James Webb captures a merging galaxy with the light of a 1 trillion suns

April 19, 2023  21:31

NASA's James Webb Space Telescope has captured a stunning image of a pair of galaxies known collectively as Arp 220, which are in the process of merging 250 million light-years away from Earth in the constellation Serpens.

The galaxies, which are spirals like the Milky Way, started blending together 700 million years ago, resulting in the triggering of intense star formation. Over 200 star clusters are packed into an area just 5,000 light-years across in Arp 220's central star-forming ring, and most of the gas in this region is equal to all of the gas in the entire Milky Way galaxy, reports Space.com.

Using two of its high-tech instruments, the Near Infrared Camera (NIRCam) and Mid-Infrared Instrument (MIRI), James Webb Space Telescope was able to capture the image of Arp 220. The telescope's primary camera, NIRCam, and MIRI, which can snap images as well as capture the light spectra of its targets, were both useful as Arp 220 shines its brightest in infrared wavelengths. The object's light is equivalent to "more than a trillion suns," according to the image description, while the Milky Way's luminosity is about 10 billion suns.
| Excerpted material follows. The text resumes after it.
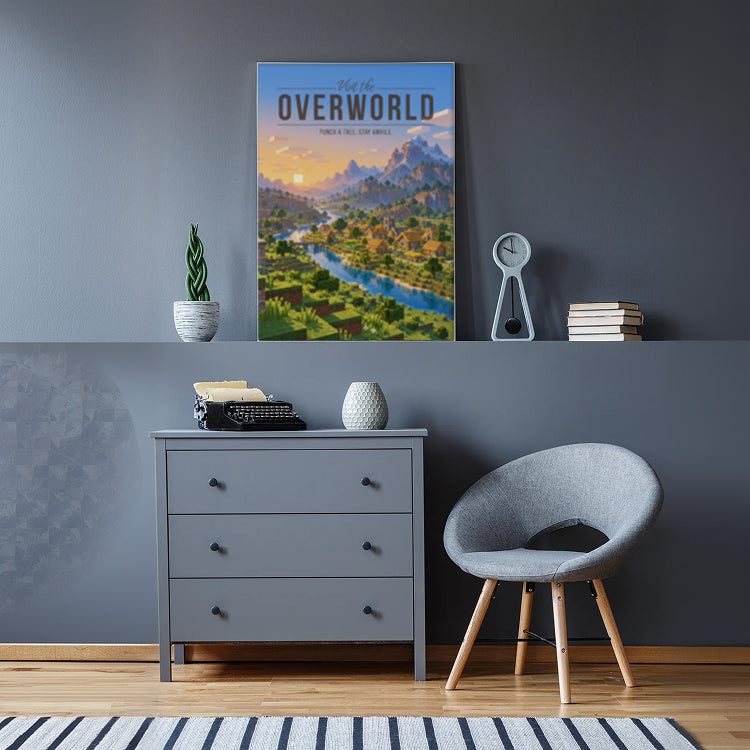 overworld-dark_dresser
Arp 220 is not the first galactic merger to be observed, and the process unfolds over a long time, even on cosmic timescales. Astronomers believe that Arp 220's galaxies began merging 700 million years ago and are similar to the Milky Way, with similar tails swirling in their outskirts. Researchers think the X-rays recorded by NASA's Chandra X-Ray Observatory hint at supermassive black holes residing at the centers of both galaxies.
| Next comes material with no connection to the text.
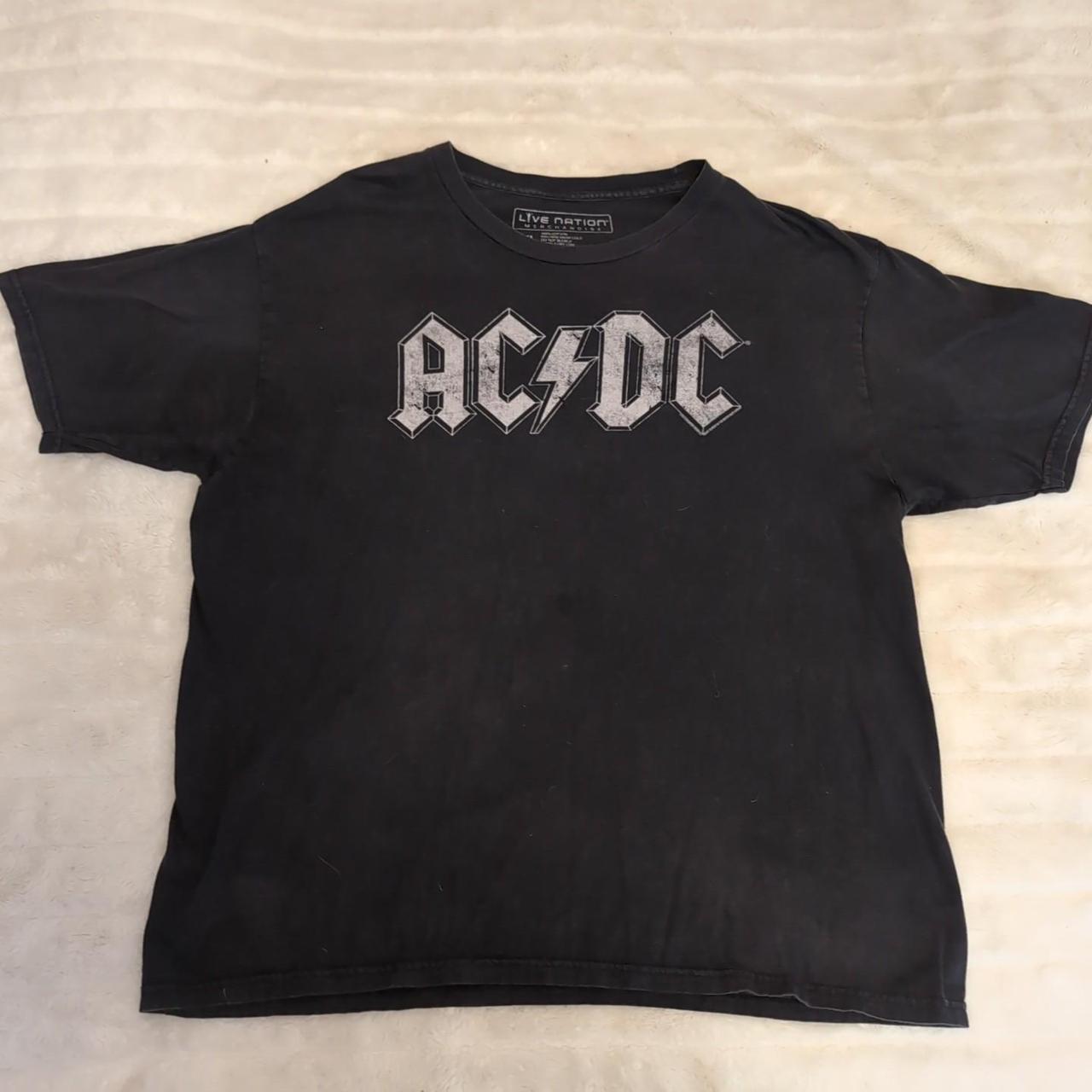 item listed by favoritefind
Astronomers previously believed that much of Arp 220 hosted heaps of star clusters, but recent research analyzing pictures clicked by NASA's Hubble Space Telescope found that star formation "shut off suddenly everywhere" about 100 million years ago, possibly as a consequence of the merger. It appears that Arp 220 is now in a post-starburst stage, which means it does not produce stars at extreme, short-lived rates, but is instead quiescent.

Arp 220 belongs to a subset of a collection of 338 uncommon galaxies whose shapes astronomers did not understand back in 1966 when American astronomer Halton C. Arp published the Atlas of Peculiar Galaxies. Astronomers do not usually tag two merging galaxies with one name, but Arp 220 is the 220th celestial object in the Atlas of Peculiar Galaxies, and its jumbled shape was explained when researchers later found that it is not one but two galaxies coalescing.